— Image-text web data —
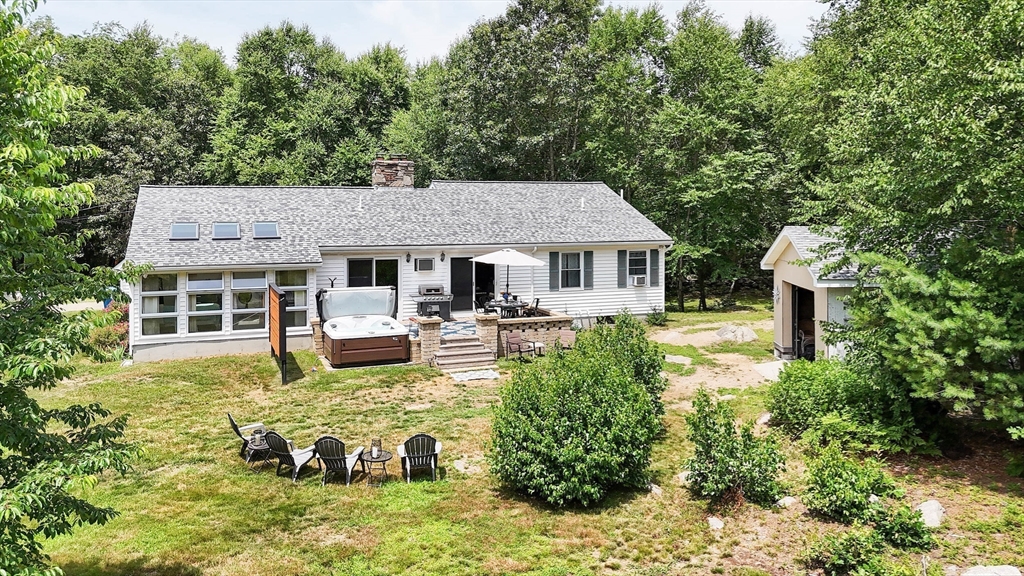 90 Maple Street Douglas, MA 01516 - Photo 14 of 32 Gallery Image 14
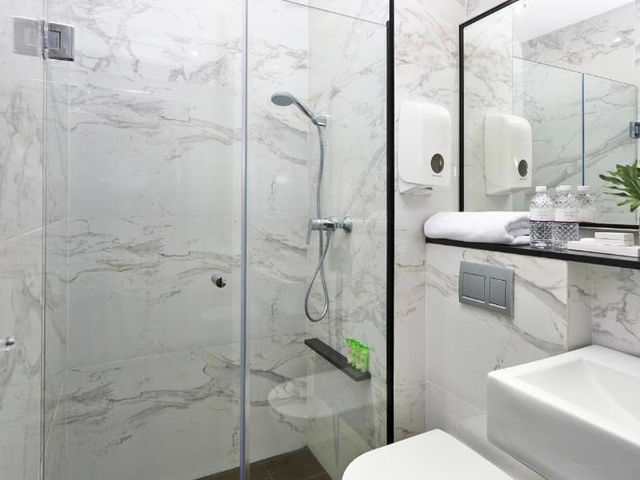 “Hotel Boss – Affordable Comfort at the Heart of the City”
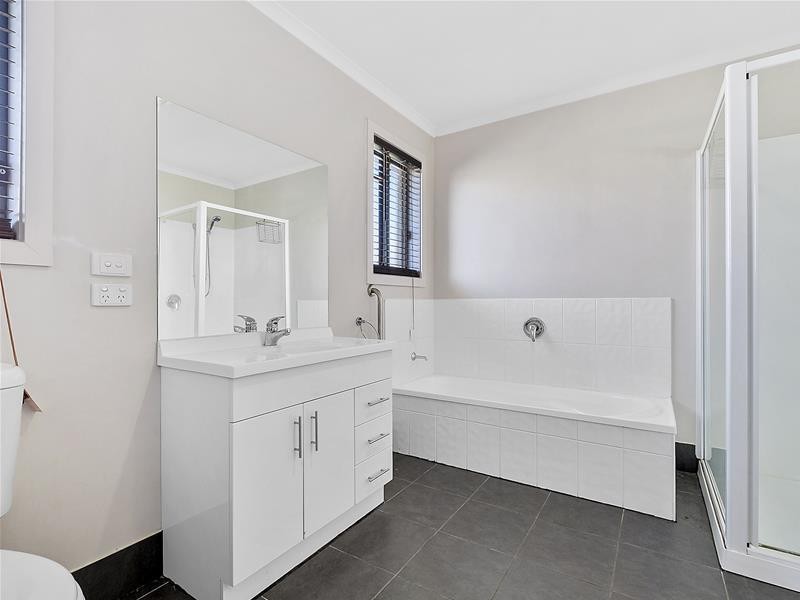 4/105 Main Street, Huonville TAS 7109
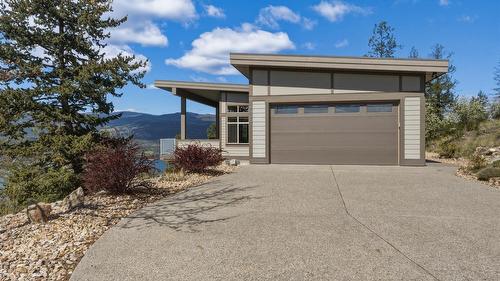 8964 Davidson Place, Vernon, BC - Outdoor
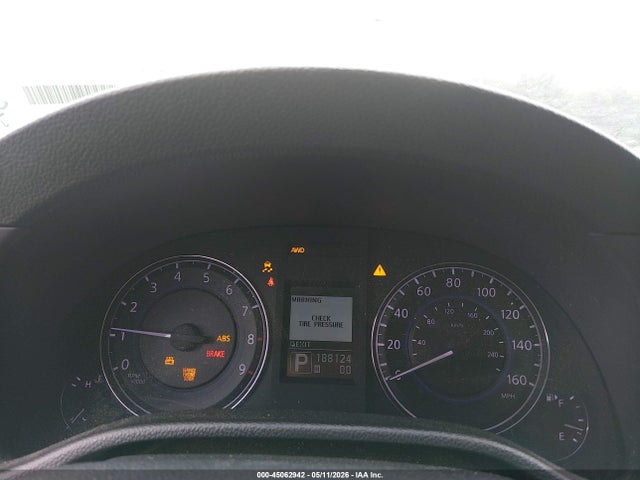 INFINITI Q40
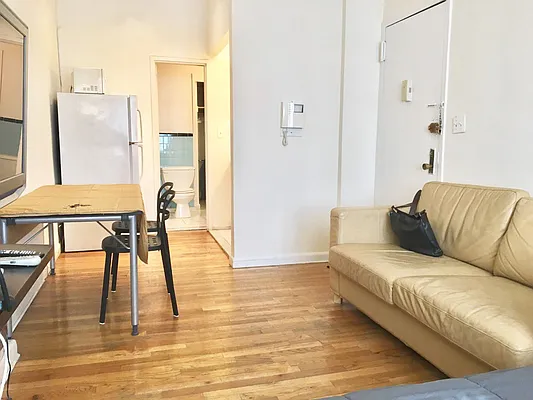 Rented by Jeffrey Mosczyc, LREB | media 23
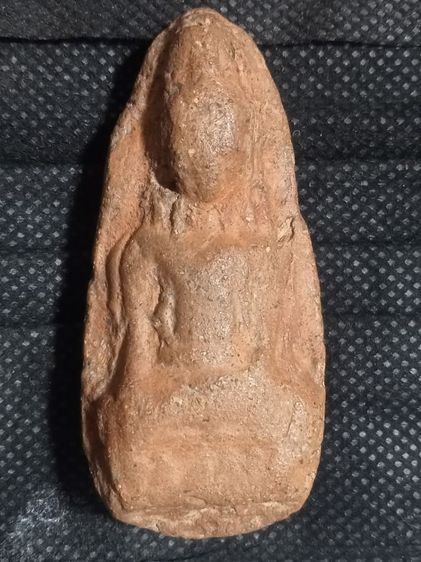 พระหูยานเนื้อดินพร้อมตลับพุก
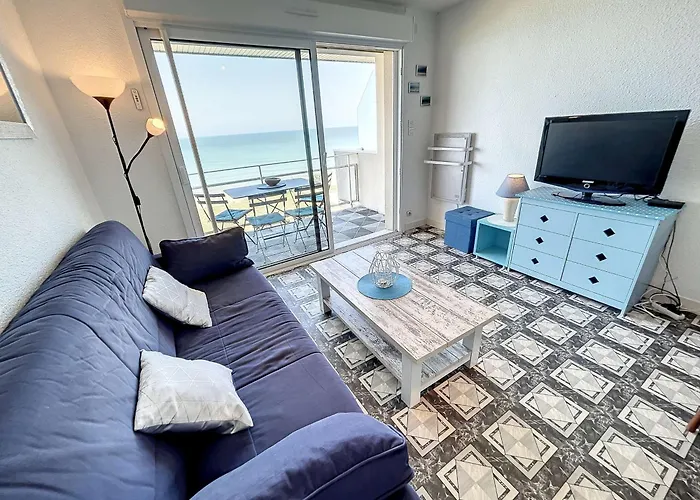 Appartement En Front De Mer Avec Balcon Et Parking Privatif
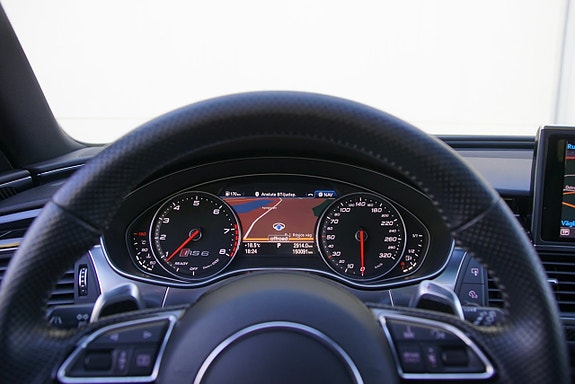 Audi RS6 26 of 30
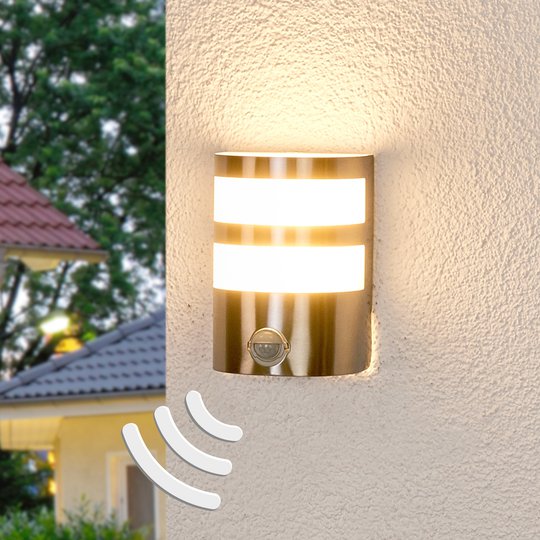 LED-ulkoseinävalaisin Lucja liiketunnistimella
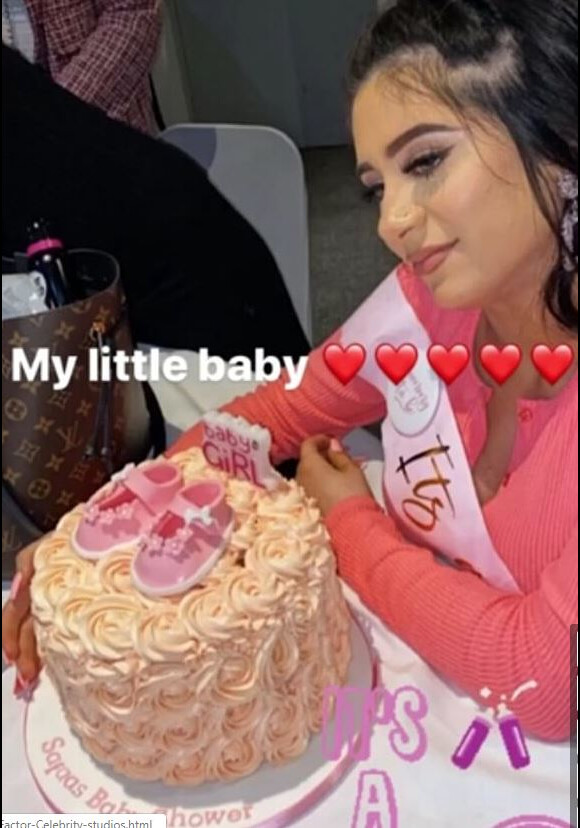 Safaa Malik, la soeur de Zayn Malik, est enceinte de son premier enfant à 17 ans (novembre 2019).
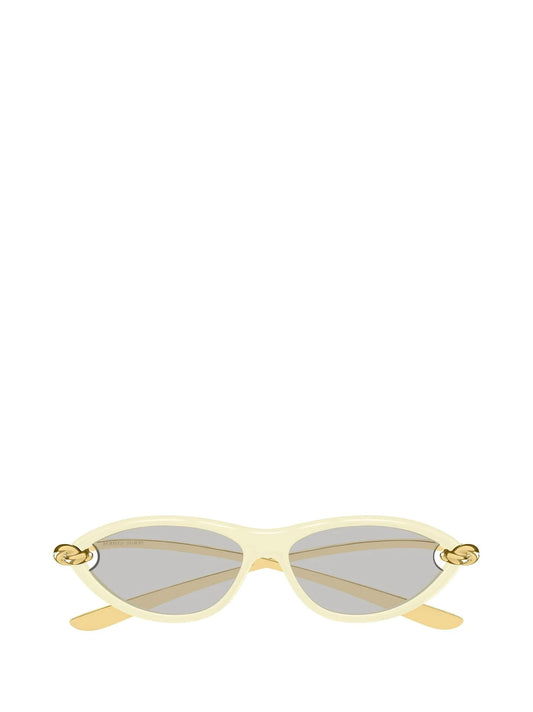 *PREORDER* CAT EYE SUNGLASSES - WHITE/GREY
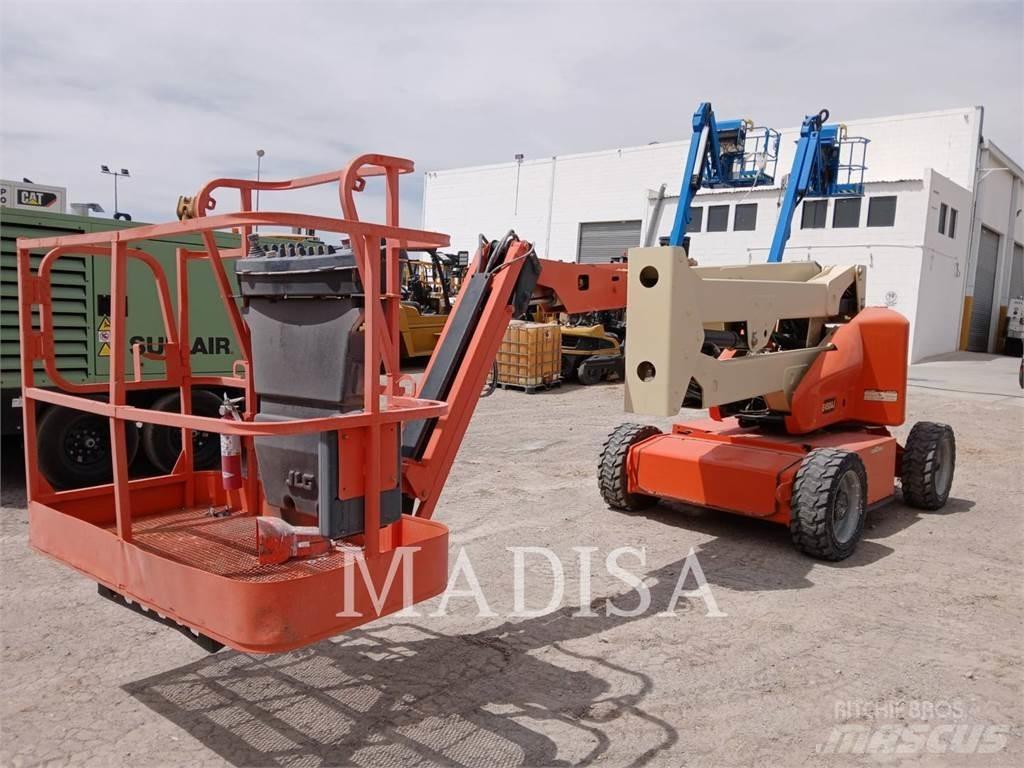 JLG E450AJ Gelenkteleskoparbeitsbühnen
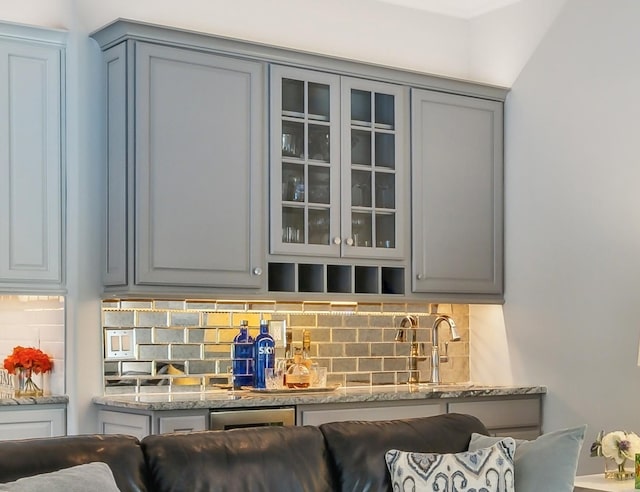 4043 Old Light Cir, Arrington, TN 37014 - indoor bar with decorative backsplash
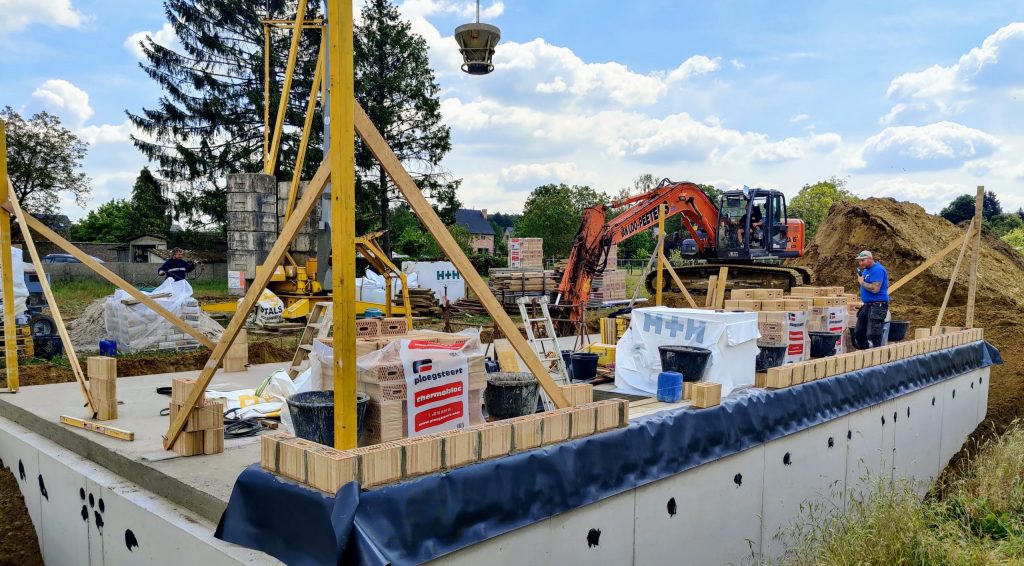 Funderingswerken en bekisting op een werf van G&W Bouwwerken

— Problem statement —
Would you set down each line of the data exactly, with no images included?

— Result —
 90 Maple Street Douglas, MA 01516 - Photo 14 of 32 Gallery Image 14
 “Hotel Boss – Affordable Comfort at the Heart of the City”
 4/105 Main Street, Huonville TAS 7109
 8964 Davidson Place, Vernon, BC - Outdoor
 INFINITI Q40
 Rented by Jeffrey Mosczyc, LREB | media 23
 พระหูยานเนื้อดินพร้อมตลับพุก
 Appartement En Front De Mer Avec Balcon Et Parking Privatif
 Audi RS6 26 of 30
 LED-ulkoseinävalaisin Lucja liiketunnistimella
 Safaa Malik, la soeur de Zayn Malik, est enceinte de son premier enfant à 17 ans (novembre 2019).
 *PREORDER* CAT EYE SUNGLASSES - WHITE/GREY
 JLG E450AJ Gelenkteleskoparbeitsbühnen
 4043 Old Light Cir, Arrington, TN 37014 - indoor bar with decorative backsplash
 Funderingswerken en bekisting op een werf van G&W Bouwwerken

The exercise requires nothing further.